(Items from a dataset)
——

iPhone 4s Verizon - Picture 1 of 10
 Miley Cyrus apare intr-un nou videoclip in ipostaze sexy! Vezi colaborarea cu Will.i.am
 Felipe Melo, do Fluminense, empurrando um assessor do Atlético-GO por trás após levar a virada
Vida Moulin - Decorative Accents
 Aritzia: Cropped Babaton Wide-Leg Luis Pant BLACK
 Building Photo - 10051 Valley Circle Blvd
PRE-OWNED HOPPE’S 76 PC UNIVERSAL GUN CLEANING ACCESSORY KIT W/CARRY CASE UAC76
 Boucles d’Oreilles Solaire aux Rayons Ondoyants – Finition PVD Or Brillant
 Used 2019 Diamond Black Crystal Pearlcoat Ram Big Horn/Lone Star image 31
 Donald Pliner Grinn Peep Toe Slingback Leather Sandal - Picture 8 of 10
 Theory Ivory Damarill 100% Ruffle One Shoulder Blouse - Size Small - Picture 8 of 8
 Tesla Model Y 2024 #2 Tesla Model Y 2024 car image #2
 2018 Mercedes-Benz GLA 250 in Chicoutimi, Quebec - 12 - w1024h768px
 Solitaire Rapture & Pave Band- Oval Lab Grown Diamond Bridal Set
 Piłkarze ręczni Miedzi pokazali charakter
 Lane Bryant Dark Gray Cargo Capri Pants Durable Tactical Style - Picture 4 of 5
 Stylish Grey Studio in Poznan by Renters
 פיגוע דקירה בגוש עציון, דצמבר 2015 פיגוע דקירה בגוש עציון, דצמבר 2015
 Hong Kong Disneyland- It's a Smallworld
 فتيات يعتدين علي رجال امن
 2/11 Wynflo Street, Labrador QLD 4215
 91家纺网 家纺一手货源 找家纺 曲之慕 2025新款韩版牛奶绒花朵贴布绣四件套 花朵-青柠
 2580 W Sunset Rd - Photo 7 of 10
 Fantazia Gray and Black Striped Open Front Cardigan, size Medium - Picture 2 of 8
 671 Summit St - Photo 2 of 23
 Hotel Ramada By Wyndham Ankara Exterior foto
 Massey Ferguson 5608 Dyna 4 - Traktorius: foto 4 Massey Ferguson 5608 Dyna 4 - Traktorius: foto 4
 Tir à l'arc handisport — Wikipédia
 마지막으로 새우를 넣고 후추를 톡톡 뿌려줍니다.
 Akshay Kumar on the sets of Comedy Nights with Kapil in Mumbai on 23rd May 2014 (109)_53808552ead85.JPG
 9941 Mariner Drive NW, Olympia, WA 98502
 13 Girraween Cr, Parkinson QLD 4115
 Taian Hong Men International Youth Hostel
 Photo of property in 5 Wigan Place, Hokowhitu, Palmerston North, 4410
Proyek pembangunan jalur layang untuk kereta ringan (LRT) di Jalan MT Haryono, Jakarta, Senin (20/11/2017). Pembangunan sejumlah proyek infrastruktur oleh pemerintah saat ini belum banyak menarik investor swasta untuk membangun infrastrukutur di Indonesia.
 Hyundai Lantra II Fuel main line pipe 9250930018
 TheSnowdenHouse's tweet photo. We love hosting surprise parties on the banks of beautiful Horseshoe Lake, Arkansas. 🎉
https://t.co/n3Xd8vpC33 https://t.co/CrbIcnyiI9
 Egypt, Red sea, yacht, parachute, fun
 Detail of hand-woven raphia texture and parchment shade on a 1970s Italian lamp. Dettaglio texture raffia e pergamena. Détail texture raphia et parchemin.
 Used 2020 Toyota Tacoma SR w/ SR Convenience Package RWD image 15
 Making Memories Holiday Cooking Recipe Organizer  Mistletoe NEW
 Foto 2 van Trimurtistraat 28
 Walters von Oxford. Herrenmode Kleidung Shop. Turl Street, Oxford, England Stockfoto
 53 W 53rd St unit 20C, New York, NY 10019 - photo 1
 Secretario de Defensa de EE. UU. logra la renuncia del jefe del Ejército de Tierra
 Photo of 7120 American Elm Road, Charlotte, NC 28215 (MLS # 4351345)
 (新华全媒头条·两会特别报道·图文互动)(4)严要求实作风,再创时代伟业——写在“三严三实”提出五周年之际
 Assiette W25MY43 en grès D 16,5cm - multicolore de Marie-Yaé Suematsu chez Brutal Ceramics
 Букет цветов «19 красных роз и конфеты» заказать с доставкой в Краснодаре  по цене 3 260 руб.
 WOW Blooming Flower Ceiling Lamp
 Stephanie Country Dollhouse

——

- Directions
Of the entries above, transcribe exactly those lines that fall between the line containing "Fantazia Gray and" and the line containing "마지막으로 새우를 넣고 후추를 톡톡 뿌려줍니다.", together with those two lines.

- Solution to this exercise
 Fantazia Gray and Black Striped Open Front Cardigan, size Medium - Picture 2 of 8
 671 Summit St - Photo 2 of 23
 Hotel Ramada By Wyndham Ankara Exterior foto
 Massey Ferguson 5608 Dyna 4 - Traktorius: foto 4 Massey Ferguson 5608 Dyna 4 - Traktorius: foto 4
 Tir à l'arc handisport — Wikipédia
 마지막으로 새우를 넣고 후추를 톡톡 뿌려줍니다.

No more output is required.